Everyone was ready around the table when Meg arrived just before 10.30. We waited for the others to leave and shut the door. We moved so we could see each other.
We talked about Communication.
We looked at a picture of two women talking – Communication is about understanding and getting your message across.
We talked about the different ways of communicating – We found 5 ways:
• Signing (“Sign of the week” was “boat” so we used that.)
• Choosing and pressing a button on the Tech Talk (a speech generating device)
We all had a go doing each one.
We know that not everyone speaks, but everyone communicates – and everyone has the right to communicate.
Meg left pictures and a folder for each of us. She left more information and the Tech Talker so Kharlie can practise with us until Meg comes again.
So ends a typical meeting of the Communication Access Group at Distinctive Options with the Southern Loddon Mallee Regional Communication Service.
What is the Communication Access Group?
The Communication Access Group is a group of four young women in Bendigo.
The group started meeting in January, 2018. They are supported by Kharlie, a Communication Coordinator, trained by the Southern Loddon Mallee Regional Communication Service [see the 21.6.18 blog]. Kharlie works at Community Connect, Distinctive Options. Meg is the Southern Loddon Mallee Regional Communication Service speech pathologist who comes to the group each month.
How did the Communication Access Group happen?
Last year Distinctive Options partnered with the Regional Communication Service to join the local Communication Coordinators Network.
A Distinctive Options disability support worker was trained by Southern Loddon Mallee Regional Communication Service to be a Communication Coordinator. Communication Coordinators have advanced communication support skills.
The partnership between the Regional Communication Service and Distinctive Options enabled more collaboration to start a communication access group.
The Regional Communication Service developed accessible consent forms for participants and parents to sign.
The manager at Bendigo Distinctive Options sent forms to 7 people and their families.
Four people agreed to participate. Two of them also consented to being photographed.

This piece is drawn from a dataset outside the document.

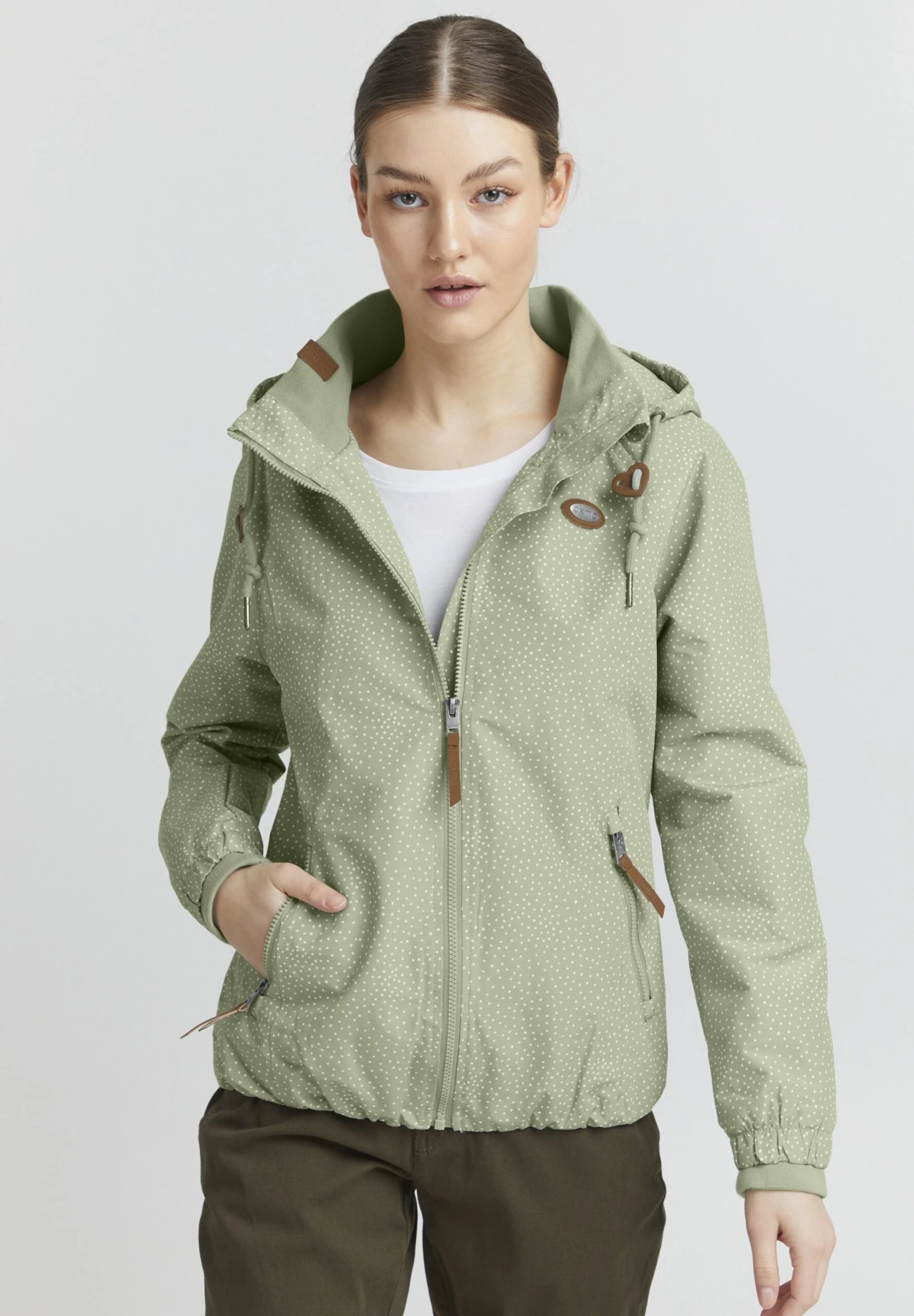 OXMO Tinna - Chaqueta De Entretiempo - Seagrass 3 OXMO Tinna - Chaqueta De Entretiempo - Seagrass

At the end of 2017, Distinctive Options asked the Regional Communication Service to train all staff. The training was in January. It focussed on effective communication support so everyone can participate.
Then the Communication Coordinator went on maternity leave! Luckily, there was time for a new Communication Coordinator to train. The Regional Communication Service held another Communication Coordinator course at the start of 2018.
Staff rosters at both the Regional Communication Service and Distinctive Options meant that meetings had to be monthly. (Fortnightly would have been better.) The Communication Coordinator is there every week. She supports the group to review everything when the Regional Communication Service does not come.
What has happened so far?
January: We all met each other. The Regional Communication Service speech pathologist saw how well some people watched and listened, that some could read words, that one could sign very well, that most could understand speech most of the time, that some already knew about their right to do what everyone else can do. Everyone was keen to interact. Speech was not everyone’s most effective way to communicate, but that did not stop everyone communicating!
February: We talked about communication. (The February meeting was described at the start.)
March: We tried AAC (Augmentative and Alternative Communication) – low and high tech. We looked at the wheelchair access symbol and found out what it meant.
Later, everyone looked out for the symbol.
April: We found out what “access” means and looked at the Communication Access symbol.
May: We found that the Communication Access symbol and the wheelchair access symbol look different and show different kinds of access.
We looked at personal communication cards
June – Something extra:
The Regional Communication Service speech pathologist saw the Group was ready to use a communication board so they could prepare to have impact in the community. She looked at the research and consulted other speech pathologists at the Communication and Inclusion Resource Centre and chose the best items for the board. She made the boards using the [email protected]+ on the iPad.
Everyone needed to learn how to use the communication board, through modelling and practice.
The communication access meetings continued. But more meetings started (at a different time) so everyone could to learn to use the board. This time, the Regional Communication Service allied health assistant will come. For the first meeting, the Regional Communication Service speech pathologist and another Distinctive Options disability support worker came as well.
Eventually the communication board will have 40 pictures. Everyone got their own copy with 8 pictures to start with. The Regional Communication Service also gave the two Distinctive Options workers other resources, including a chart of the Key Word Signs (for words that will be on the communication board) and a training package about how to model AAC.
Group members are learning about communication access and rights together. The Communication Coordinator supports everyone to communicate in effective ways and in different places in the community. Everyone’s confidence and communication skills have grown. The group will work together for communication access in the community in the second half of 2018.